>>>
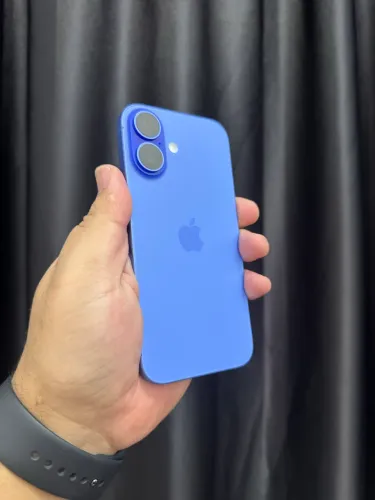 iPhone 16 128 - Azul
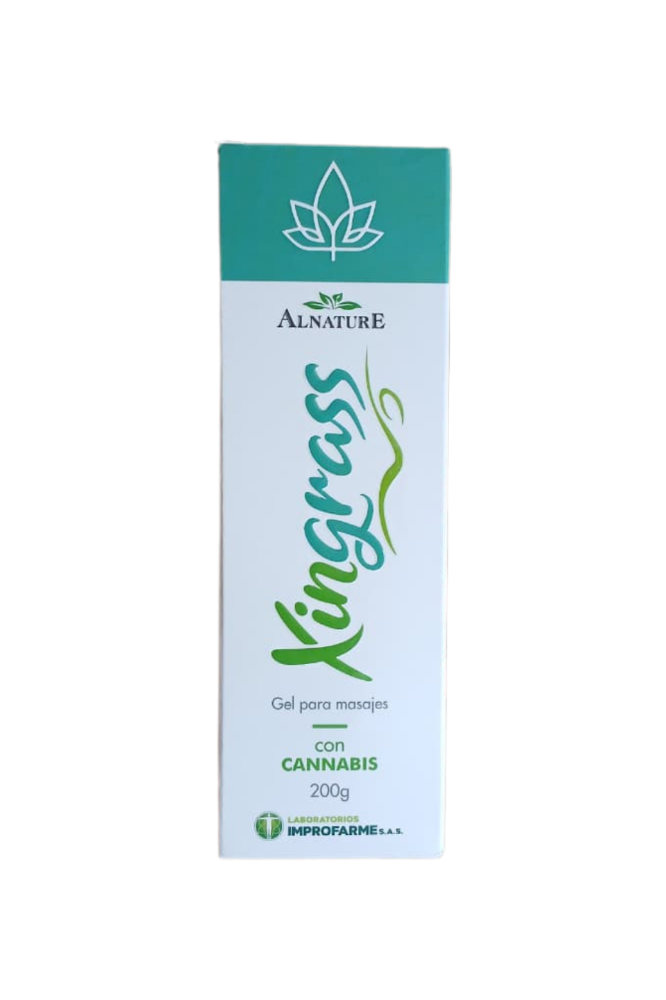 XINGRASS 200g ALNATURE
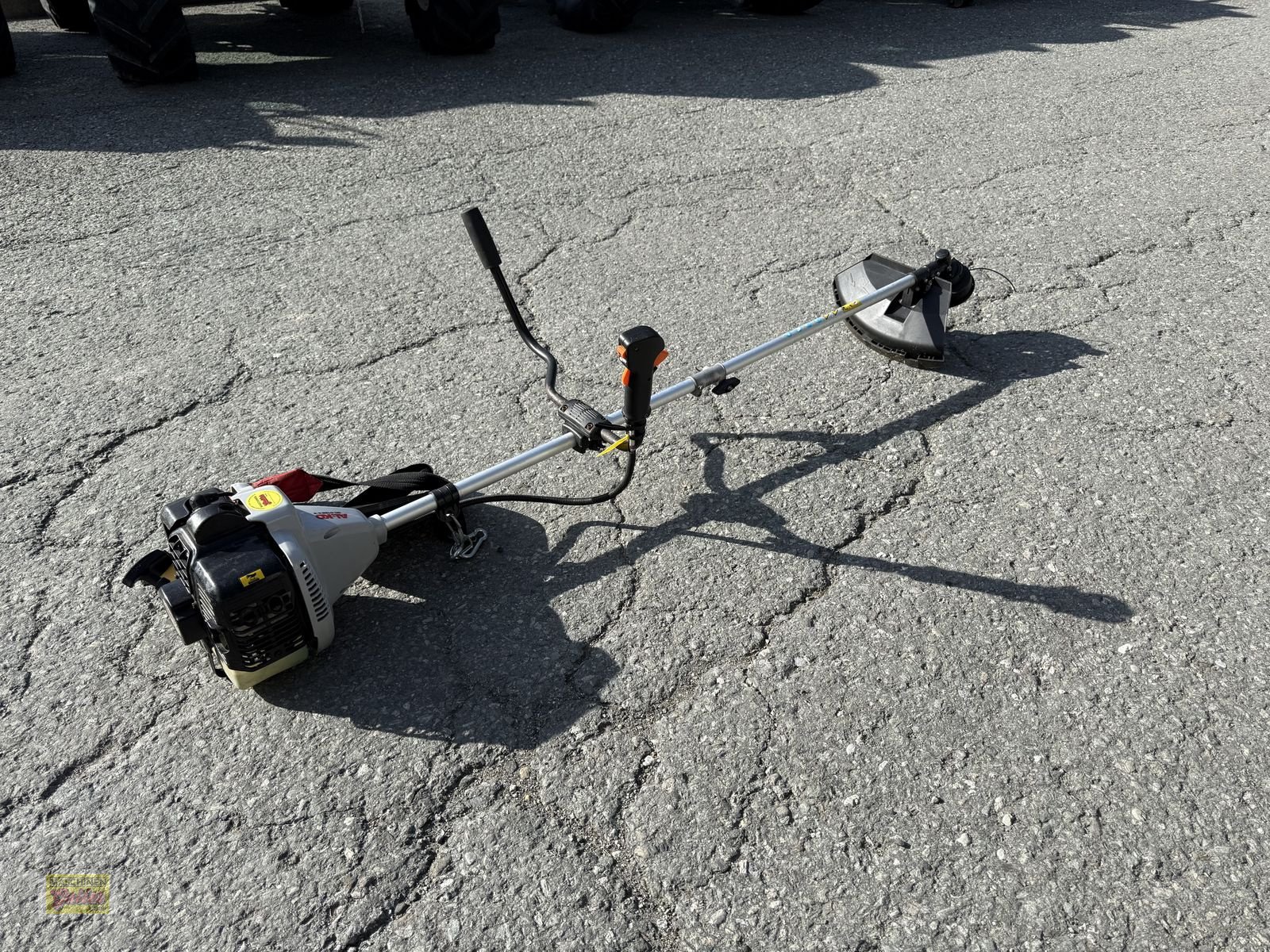 Motorsense des Typs Sonstige ALKO Freischneider gebraucht, Gebrauchtmaschine in Kötschach (Bild 5)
<<<
- [Your goal]:
Quote the listing above in full, except for the pictures.

- [Answer to this task]:
 iPhone 16 128 - Azul
 XINGRASS 200g ALNATURE
 Motorsense des Typs Sonstige ALKO Freischneider gebraucht, Gebrauchtmaschine in Kötschach (Bild 5)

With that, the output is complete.